"venkatbo" <[EMAIL PROTECTED]> writes:

> I can basically get the AutoCompleteField widget to work
> is my app. However, I need to implement a case where:
>  . in the strings (to be matched) maintained on the
>    server-side, I'd like to specify wild-card placeholders
>    like say:
>        "Hello Mr. *fill-in*, Are you there"
>        "Hello Mr. *fill-in*, How are you"
>  . The user will be given the opportunity to enter whatever
>    they wish for "*fill-in*,"
>  . When users types a space after that, they should then
>    be shown both the possible cases of:
>        "Hello Mr. *fill-in*, Are you there"
>        "Hello Mr. *fill-in*, How are you"
>    basically ignoring whatever he filled in for the wild-card,
>    and proceeding from there on to do matches...
>
> Does anyone know if it'd be feasible to modify AutoCompleteField
> such that it ignores wild-card entries like this.

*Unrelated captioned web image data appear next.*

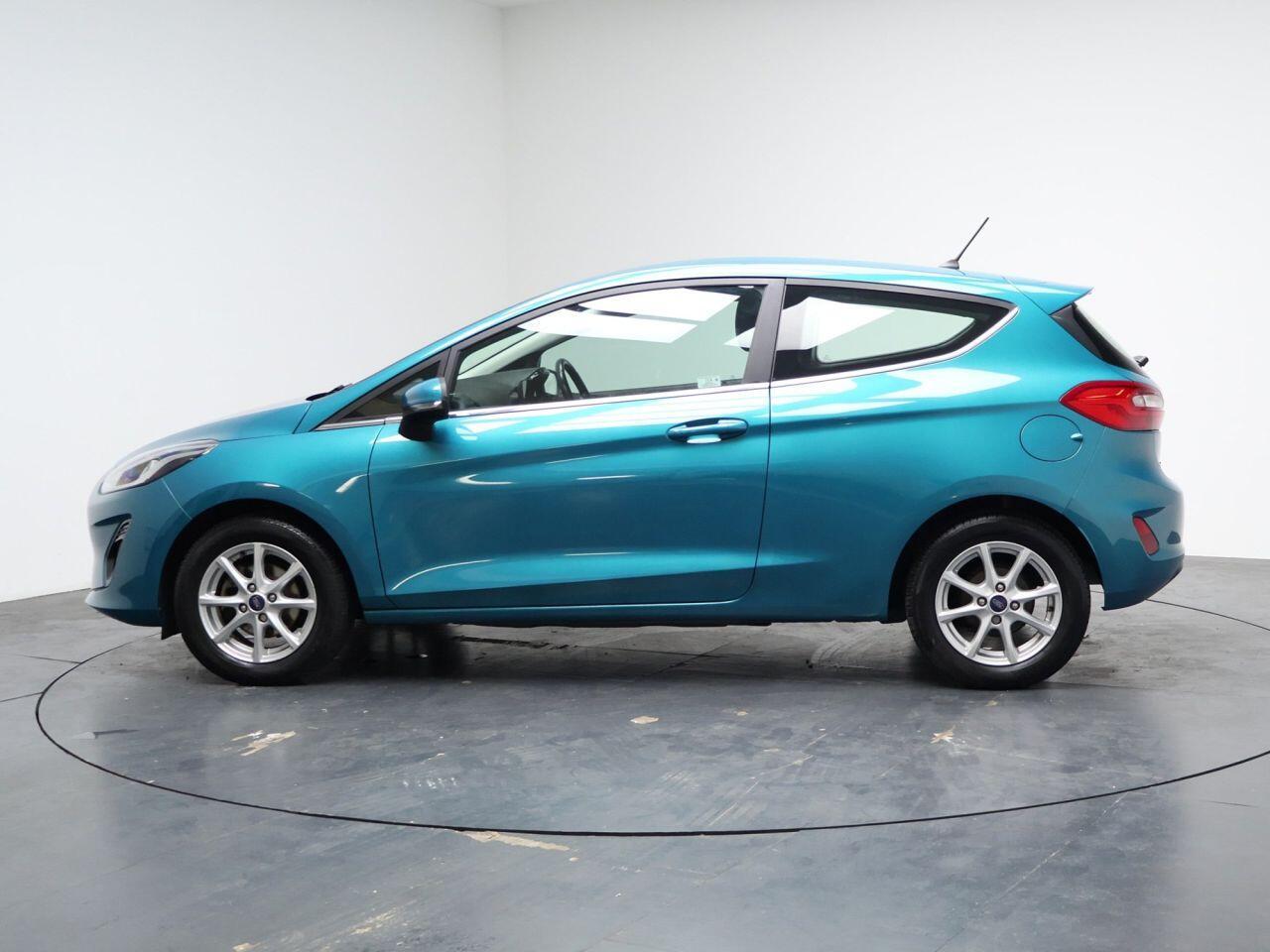 Ford Fiesta - Image 8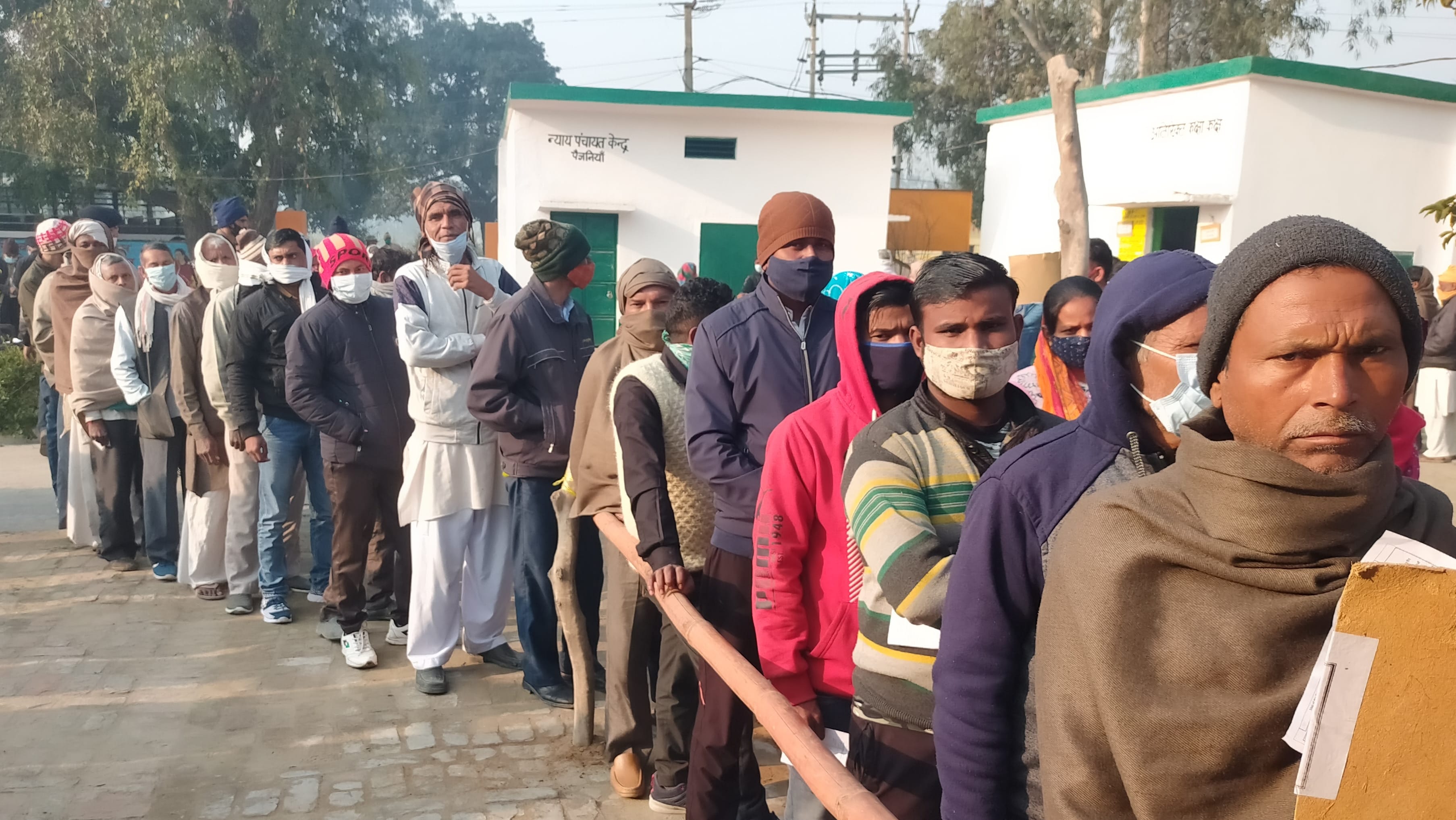 हल्दौर के गांव पैजनियां में मतदाताओं की लगी लंबी कतारें।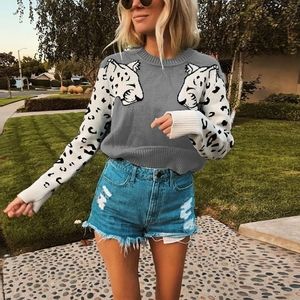 Contrast Leopard Pattern Crew Neck Sweater!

Ignore?  Just change your controller for doing what you want.  One example of
controller (one of my first, I'd probably have it different today, but it
doesn't matter since it's just an example):


    @expose(allow_json=True)
    @identity.require(
        identity.Any(
        identity.in_any_group('admin'),
        identity.has_any_permission('admin', 'rh_func_edit')))
    def search_employee(self, name, **kwords):
        # Get every employee name from the view on the database
        names = model.VEmployeeData.select(
            model.VEmployeeData.q.name.startswith(name))
        # We just need their name and ID... 
        __returned_data = [[name.name, name.id] for name in names]
        # The view can return multiple results for each employee, filter it
        # here.
        filter = []
        for __ret in __returned_data:
            if __ret in filter:
                continue
            filter.append(__ret)
        return dict(names = filter)


You'd receive their type data and you can manipulate it any way you want.  It
is just a matter of using it -- or not -- in your query.  Remember that for
SQL the wildcard is '%'.  So: 'Hello Mr. %, how are you?' would return all
strings that started with 'Hello Mr. ' (includes space!) have either nothing
or anything in the middle and end with ', how are you?'.  To search for the
type name only it would be '%<name>%' (you'd better use Python's operators if
you only want things starting / ending with some string).  To replace name in
there use standard Python's rules:  '%%%s%%' % name, for example.